Apparently I read 45 books in 2009, plus a bunch of other minor stuff (short stories, graphic novels, etc.) Here’s the list, more or less chronologically:

  • God Bless You, Mr. Rosewater – Kurt Vonnegut
  • Eyeless in Gaza – Aldous Huxley
  • If on a Winter’s Night a Traveler – Italo Calvino
  • The Beautiful and Damned – F. Scott Fitzgerald
  • Cloud Atlas – David Mitchell
  • Violence – Slavoj Zizek
  • Rosencrantz and Guildenstern Are Dead – Tom Stoppard
  • Collected Fictions – Jorge Luis Borges
  • Gentlemen of the Road – Michael Chabon
  • Cosmicomics – Italo Calvino
  • The Tao Is Silent – Raymond Smullyan
  • The Old Man and the Sea – Ernest Hemingway
  • Surely You’re Joking, Mr. Feynman! – Feynman and Leighton
  • Cradle to Cradle – McDonough and Braungart
  • The Two Cultures – C.P. Snow
  • American Gods – Neil Gaiman
  • Illuminations – Walter Benjamin
  • The Medea – Euripides
  • The Unbearable Lightness of Being – Milan Kundera
  • Walden Two – B.F. Skinner
  • The Worldly Philosophers – Robert Heilbroner
  • The Count of Monte Cristo – Alexandre Dumas
  • The Fall – Albert Camus
  • White Noise – Don DeLillo
  • From Bauhaus to Our House – Tom Wolfe
  • Common Sense and Nuclear Warfare – Bertrand Russell
  • A Confederacy of Dunces – John Kennedy Toole
  • The Quest for Mind – Howard Gardner
  • Slowness – Milan Kundera
  • The Prophet – Kahlil Gibran
  • Letters to a Young Poet – Rainer Maria Rilke
  • Darkness at Noon – Arthur Koestler
  • One Day in the Life of Ivan Denisovich – Alexander Solzhenitsyn
  • The American – Henry James
  • The Bell Jar – Sylvia Plath
  • Invisible Cities – Italo Calvino
  • In Defense of Food – Michael Pollan
  • The Upanishads (Easwaran translation)
  • Consider the Lobster – David Foster Wallace
  • King Solomon’s Ring – Konrad Lorenz
  • The Brief Wondrous Life of Oscar Wao – Junot Diaz
  • No Logo – Naomi Klein
  • Black Hole – Charles Burns
  • Foucault’s Pendulum – Umberto Eco
  • Seven Nights – Jorge Luis Borges

The Good:

OK, Julia, I’ll admit – it didn’t immediately grab me, but overall Eyeless in Gaza was pretty excellent. No Point Counterpoint, mind you, which I still think is fundamentally the best book ever written by a human… but very good.

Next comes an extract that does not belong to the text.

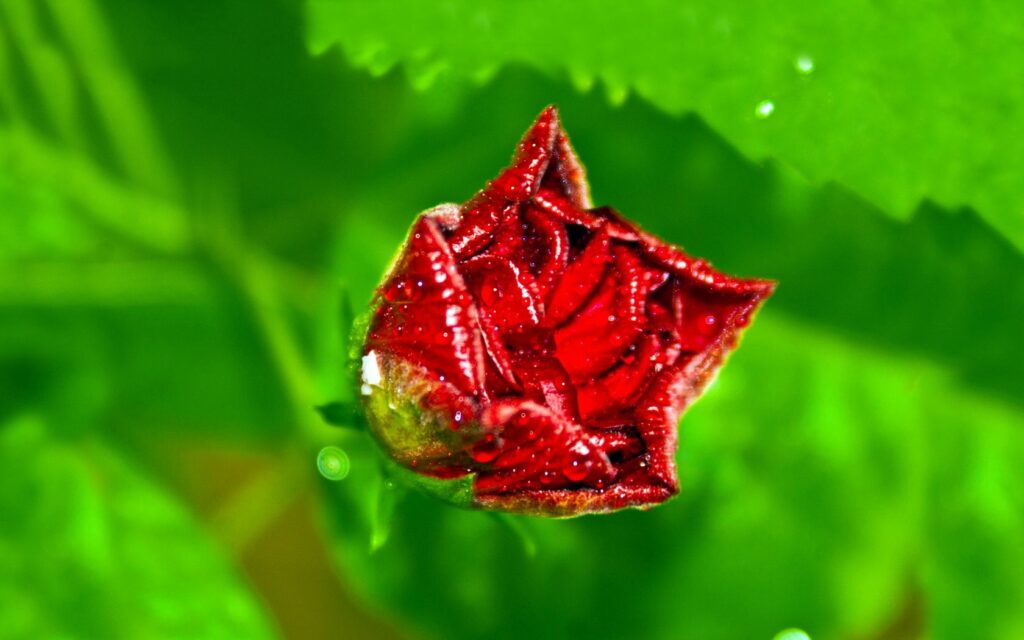 Vibrant Red Rosebud with Dewdrops - Stunning Wallpaper Background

Borges was an incredibly imaginative storyteller; his Collected Fictions is a great compendium, especially the stuff in Labyrinths and Ficciones. Seven Nights is a collection of lectures. Borges talks about whatever delightful thing happen to enter his mind: The Divine Comedy, Kabbalah, the Thousand and One Nights, and so on.

Cloud Atlas and the various works of Italo Calvino both featured lovely writing and good explorations of narrative structure.

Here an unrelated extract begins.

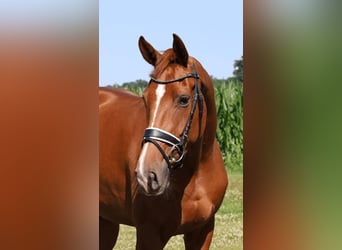 Hannoveraner, Stute, 3 Jahre, 167 cm, Fuchs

The Count of Monte Cristo was a nice documentary about Batman.

A Confederacy of Dunces and Foucault’s Pendulum are both classics that completely lived up to my expectations of them.

The Bad:

The Bell Jar. The Bell Jar, The Bell Jar, The Bell Jar. Much like The Old Man and the Sea, it’s one of those books that I wanted not to read, but to have read. Wasn’t worth it. The cover of my edition pictures a wilted rose, and the back-cover summary contains the words “…the despair of a sensitive, questioning young artist whose search for identity…” In hindsight these were serious warning signs.

The “Eh:”

Oscar Wao was fine, but for me it didn’t quite live up to the hype. I’m not sure what I expected, but it wasn’t what I got.

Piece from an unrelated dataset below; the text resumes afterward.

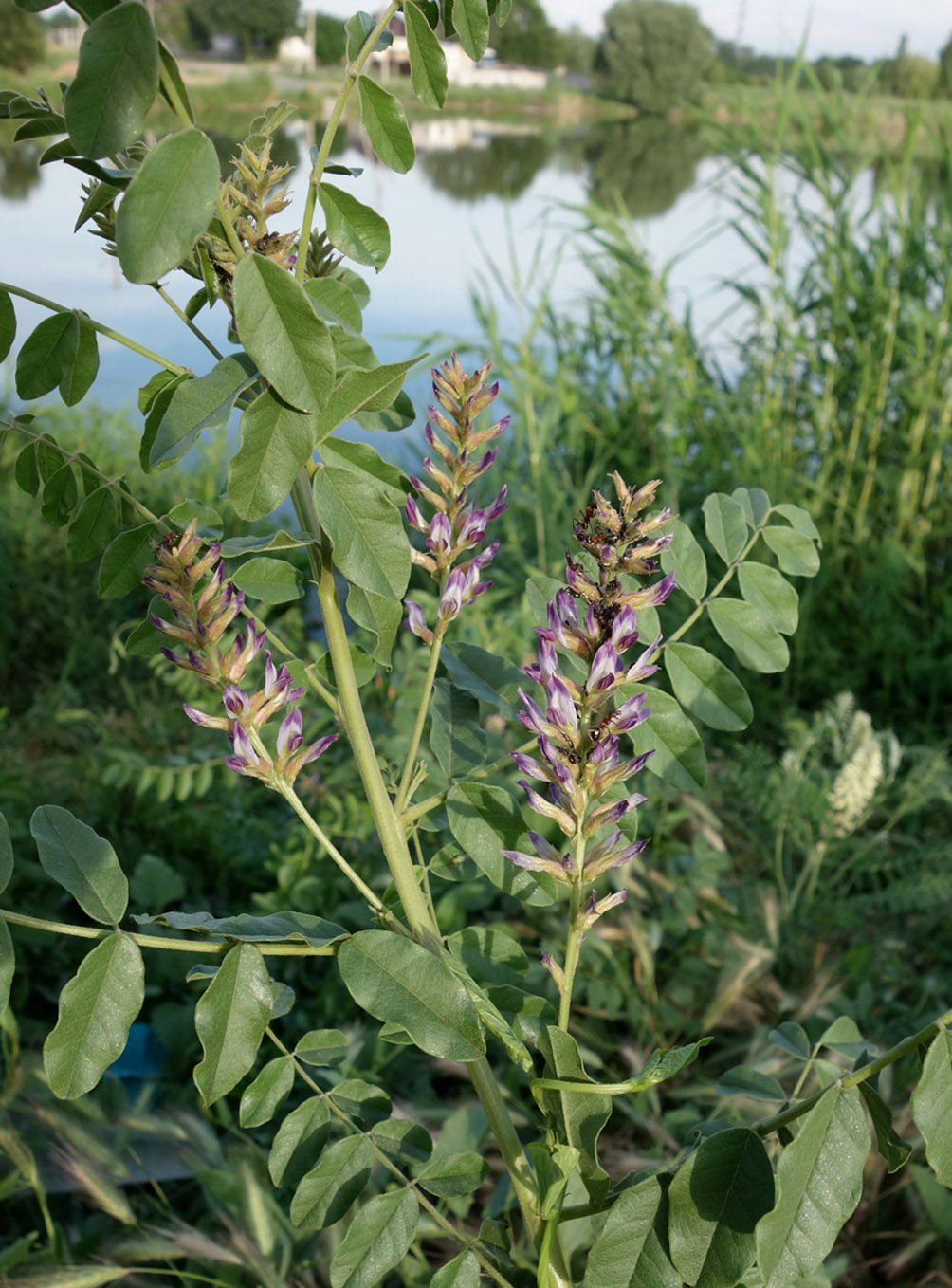 Изображение особи Glycyrrhiza shiheziensis.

I’d probably have liked The Unbearable Lightness of Being better if I’d read it as an impressionable youth. Now it just exemplifies The Deep.

2010’s List

I’ve got some good stuff in the queue for this year. I just started Julio Cortázar’s Hopscotch, which is terrific so far. I want to pick up Bolaño’s The Savage Detectives again; I don’t know how I ever stopped reading it, frankly. I got some Dan Dennett for Christmas. I’ve also got my eye on Nabokov’s Pale Fire, which I’m told is incredible. Plus about a million other things.

books | 2 Comments »

Behemoth

December 14th, 2009

While reading through Borges’ Seven Nights, I came across a reference in his discussion of the Kabbalah in which he mentions that Behemoth is actually plural, meaning “the animals.” Looking this up in the ever-reliable Wiktionary, I learned that

It may be an example of pluralis excellentiae, a Hebrew method of expressing greatness by pluralizing a noun; it thus indicates that Behemoth is the largest and most powerful animal.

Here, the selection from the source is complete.